Deduplication
One of the core concept of the OpenCTI knowledge graph is all underlying mechanisms implemented to accurately de-duplicate and consolidate (aka. upserting
) information about entities and relationships.
Creation behavior
When an object is created in the platform, whether manually by a user or automatically by the connectors / workers chain, the platform checks if something already exist based on some properties of the object. If the object already exists, it will return the existing object and, in some cases, update it as well.

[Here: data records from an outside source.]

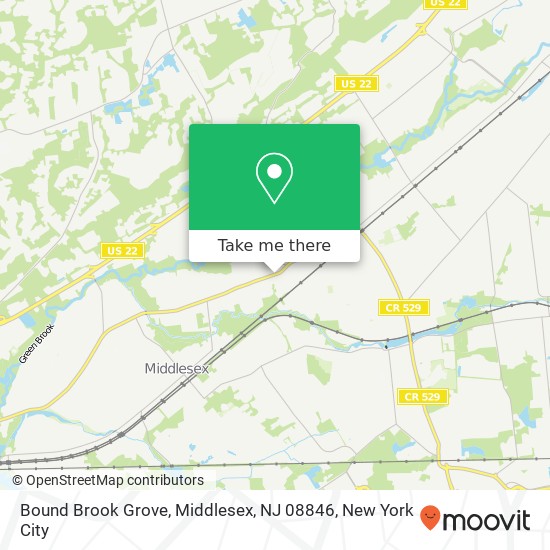 Mapa de Bound Brook Grove, Middlesex, NJ 08846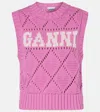 Ganni Logo Intarsia Cotton-blend Sweater Vest In Pink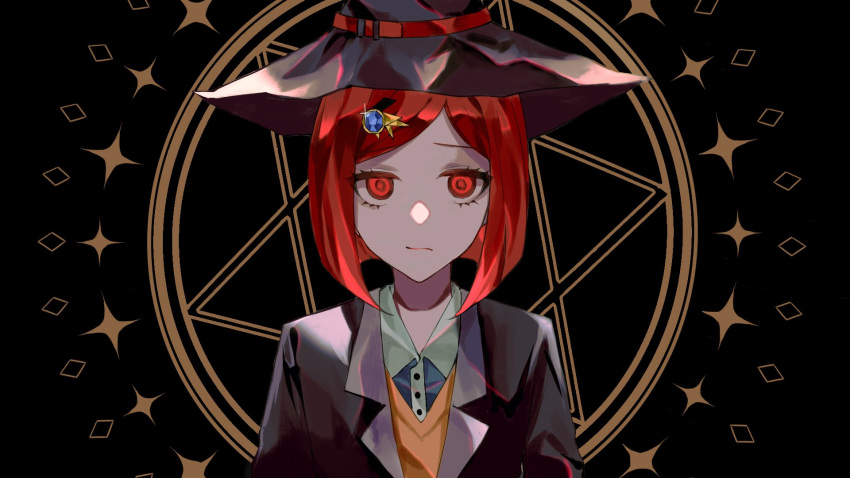 1girl bangs black_background black_headwear black_jacket brown_background brown_vest chu_dong closed_mouth collared_shirt danganronpa_(series) danganronpa_v3:_killing_harmony dress_shirt gem grey_shirt hair_ornament hat hexagram highres jacket looking_at_viewer open_clothes open_jacket red_eyes red_hair shiny shiny_clothes shirt short_hair solo star_of_david vest winter1116 witch_hat yumeno_himiko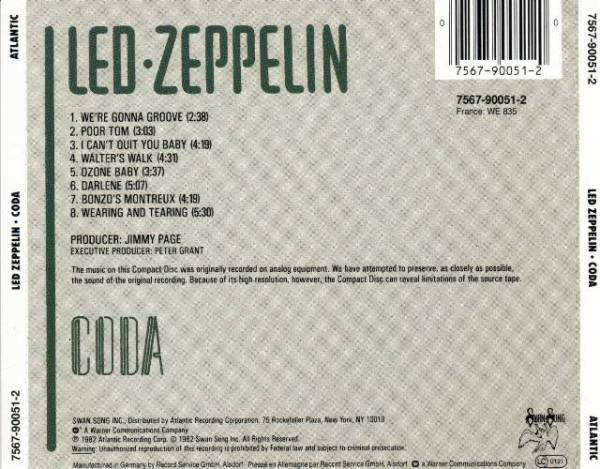 Led Zeppelin - Coda (CD, Album, RE)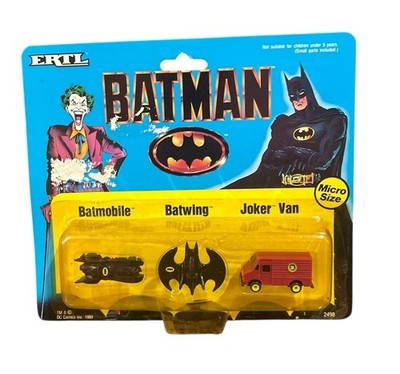 Vtg Batman ERTL 1989 Batmobile, Batwing, Joker Van Micro Size Original Package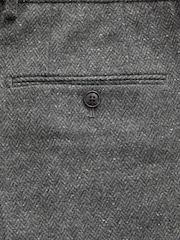 Grey Slim Nova Fides Italian Fabric Herringbone Textured Wool Blend Suit Trousers - Image 9 of 11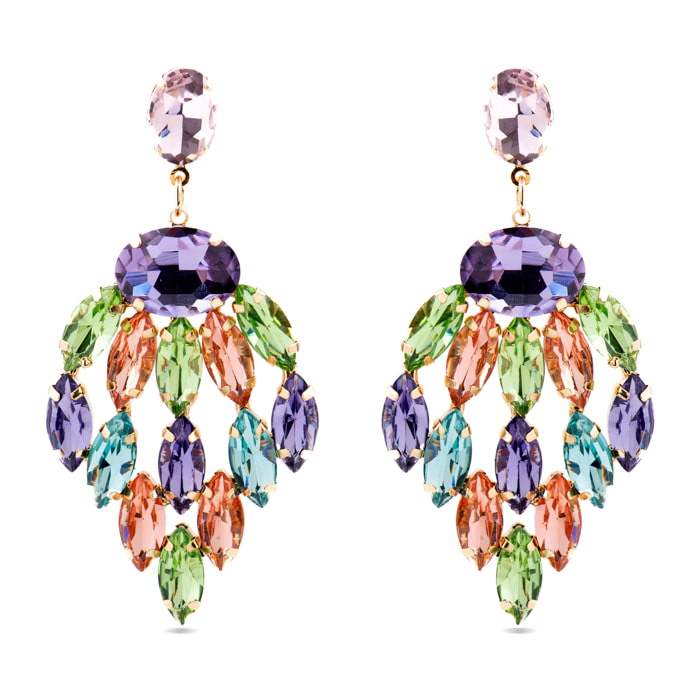 Pendientes con Cristal Multicolor acabado oro 18k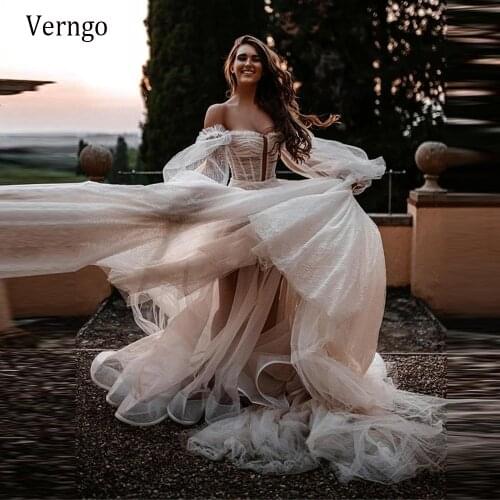 Verngo Vintage A Line Tulle Wedding Dresses With Removable Puff Long Sleeves Heart Shape Neck Charming Long 2021 Bridal Dress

Technically, OpenCTI generates deterministic IDs based on the listed properties below to prevent duplicate (aka "ID Contributing Properties"). Also, it is important to note that there is a special link between name
and aliases
leading to not have entities with overlaping aliases or an alias already used in the name of another entity.
Entities
Type | Attributes |
---|---|
Area | (name OR x_opencti_alias ) AND x_opencti_location_type |
Attack Pattern | (name OR alias ) AND optional x_mitre_id |
Campaign | name OR alias |
Channel | name OR alias |
City | (name OR x_opencti_alias ) AND x_opencti_location_type |
Country | (name OR x_opencti_alias ) AND x_opencti_location_type |
Course Of Action | (name OR alias ) AND optional x_mitre_id |
Data Component | name OR alias |
Data Source | name OR alias |
Event | name OR alias |
Feedback Case | name AND created (date) |
Grouping | name AND context |
Incident | name OR alias |
Incident Response Case | name OR alias |
Indicator | name OR alias |
Individual | (name OR x_opencti_alias ) and identity_class |
Infrastructure | name OR alias |
Intrusion Set | name OR alias |
Language | name OR alias |
Malware | name OR alias |
Malware Analysis | name OR alias |
Narrative | name OR alias |
Note | None |
Observed Data | name OR alias |
Opinion | None |
Organization | (name OR x_opencti_alias ) and identity_class |
Position | (name OR x_opencti_alias ) AND x_opencti_location_type |
Region | name OR alias |
Report | name AND publised (date) |
RFI Case | name AND created (date) |
RFT Case | name AND created (date) |
Sector | (name OR alias ) and identity_class |
Task | None |
Threat Actor | name OR alias |
Tool | name OR alias |
Vulnerability | name OR alias |
Relationships
The deduplication process of relationships is based on the following criterias:
- Type
- Source
- Target
- Start time between -30 days / + 30 days
- Stop time between -30 days / + 30 days
Observables
For STIX Cyber Observables, OpenCTI also generate deterministic IDs based on the STIX specification using the "ID Contributing Properties" defined for each type of observable.
Update behavior
If an entity already exists in the platform, the attributes
may be updated by the incoming creation with the following rule:
If confidence_level
of the created entity is >= (greater or equal) then the confidence_level
of the existing entity, attributes will be updated. Obviously, the confidence_level
will also be increased with the new one.
This logic has been implemented so the platform can converge to the highest confidence and quality levels for the entities and the relationships.